Vergara Victor M, Damaraju Eswar, Turner Jessica A, Pearlson Godfrey, Belger Aysenil, Mathalon Daniel H, Potkin Steven G, Preda Adrian, Vaidya Jatin G, van Erp Theo G M, McEwen Sarah, Calhoun Vince D
Tri-institutional Center for Translational Research in Neuroimaging and Data Science (TReNDS), Georgia State University, Georgia Institute of Technology, Emory University, Atlanta, GA, United States.
2The Mind Research Network, Albuquerque, NM, United States.
Front Psychiatry. 2019 Jul 23;10:499. doi: 10.3389/fpsyt.2019.00499. eCollection 2019.
Functional connectivity is one of the most widely used tools for investigating brain changes due to schizophrenia. Previous studies have identified abnormal functional connectivity in schizophrenia patients at the resting state brain network level. This study tests the existence of functional connectivity effects at whole brain and domain levels. Domain level refers to the integration of data from several brain networks grouped by their functional relationship. Data integration provides more consistent and accurate information compared to an individual brain network. This work considers two domain level measures: functional connectivity strength and randomness. The first measure is simply an average of connectivities within the domain. The second measure assesses the unpredictability and lack of pattern of functional connectivity within the domain. Domains with less random connectivity have higher chance of exhibiting a biologically meaningful connectivity pattern. Consistent with prior observations, individuals with schizophrenia showed aberrant domain connectivity strength between subcortical, cerebellar, and sensorial brain areas. Compared to healthy volunteers, functional connectivity between cognitive and default mode domains showed less randomness, while connectivity between default mode-sensorial areas showed more randomness in schizophrenia patients. These differences in connectivity patterns suggest deleterious rewiring trade-offs among important brain networks.

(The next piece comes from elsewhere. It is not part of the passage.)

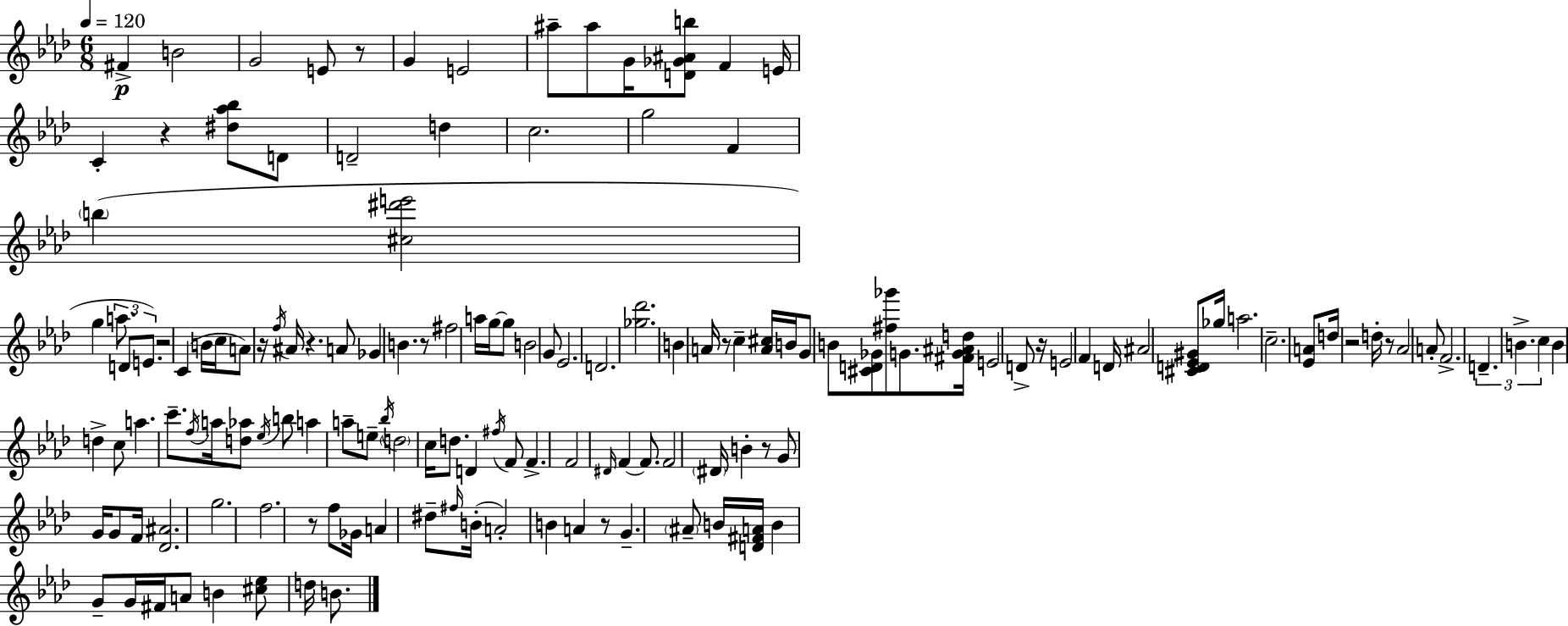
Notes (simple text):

功能连接性是研究精神分裂症所致大脑变化时使用最广泛的工具之一。先前的研究已经在静息态脑网络水平上确定了精神分裂症患者存在异常的功能连接性。本研究测试了全脑和领域水平上功能连接性效应的存在。领域水平指的是将几个根据功能关系分组的脑网络的数据进行整合。与单个脑网络相比,数据整合能提供更一致和准确的信息。这项工作考虑了两种领域水平的测量方法:功能连接强度和随机性。第一种测量方法只是该领域内连接性的平均值。第二种测量方法评估该领域内功能连接性的不可预测性和缺乏模式性。连接性随机性较小的领域更有可能呈现出具有生物学意义的连接模式。与先前的观察结果一致,精神分裂症患者在皮质下、小脑和感觉脑区之间表现出异常的领域连接强度。与健康志愿者相比,精神分裂症患者认知和默认模式领域之间的功能连接性随机性较小,而默认模式-感觉区域之间的连接性随机性较大。这些连接模式的差异表明重要脑网络之间存在有害的重新布线权衡。